To improve system reliability, the Recovery Act will install more than 875 transmission system sensors that can alert system operators and help prevent minor disturbances from cascading into large outages. Finally, for further system reliability, the Recovery Act funds will help equip approximately 700 substations with automated devices to detect and respond to system irregularities, thereby helping to avoid outages.
The Recovery Act is investing approximately $20 billion in health information technology to boost significantly advancements in electronic health records, e-prescribing, e-care, and community health initiatives. Through the $250 million Beacon Communities program, communities will demonstrate the use of new technologies aimed at sustainable improvements in health outcomes, health care quality, safety, and efficiency.
These efforts will not only cut certain medical costs, but also improve care. Finally, the rise in e-care technologies or telemedicine will allow medical personnel to treat patients remotely, while being able to monitor conditions and prescribe or administer medications from miles away.
Investing in Groundbreaking Medical Research
The Recovery Act has provided funds to the National Institutes of Health (NIH) to support groundbreaking research that will help to unravel the clues to treating or preventing some of life’s most daunting and debilitating diseases, develop powerful new medicines, and even define strategies that will prevent disease from occurring in the first place. Examples of groundbreaking research can be found in the work surrounding human genome sequencing, cardiovascular disease, cancer, and autism.
As a result of these efforts, the number of complete human genomes anticipated to be sequenced in the next few years is expected to dwarf, by 50 times or so, the number of complete human genomes that have been sequenced to date. At the same time, NIH is pursuing multiple avenues of bringing down dramatically the cost to sequence a genome. The goal is to sequence an entire human genome for $1,000, a cost that now exceeds 50 times that amount. In the field of cancer research, because of Recovery Act funds, NIH will be able to sequence the genes of cancers that affect 10 million Americans, or over five times more affected Americans than otherwise would have been possible. This research could make treating cancers more targeted and more effective.
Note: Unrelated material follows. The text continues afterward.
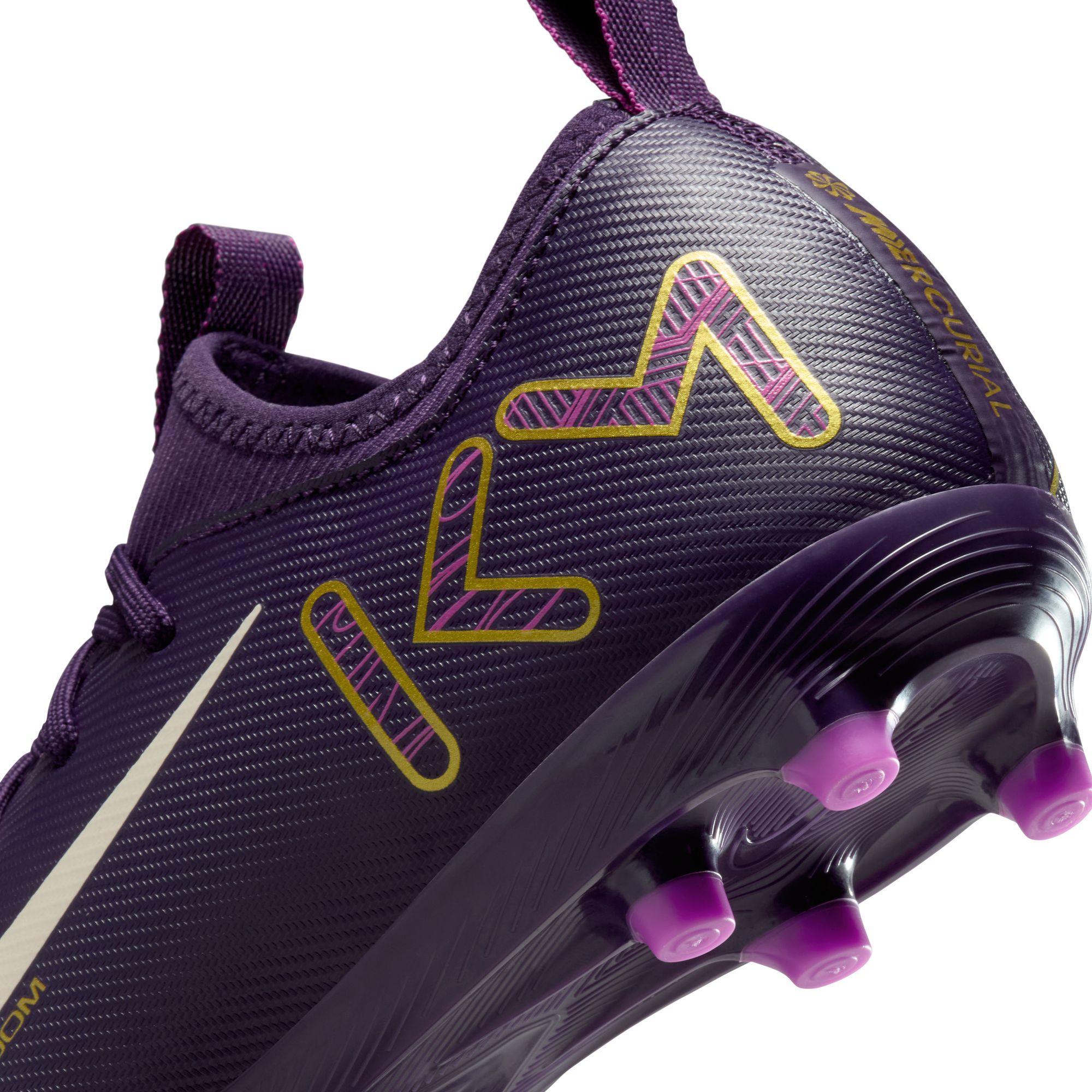 Nike Mercurial Vapor 16 Academy Kylian Mbappe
In short, across areas that have great significance for America’s future, the Recovery Act is laying the foundation for a new, more robust American economy. This report provides a deeper look into these areas and the effects being seen because of Recovery Act investments.
1 Funding in the Recovery Act to support advanced vehicle battery manufacturing includes $2 billion in grants to support battery and component manufacturing and $45 million in Section 48C Manufacturing Tax Credits.
2 Of the 30 new factories, 20 are manufacturing batteries and 10 are manufacturing electric drive components.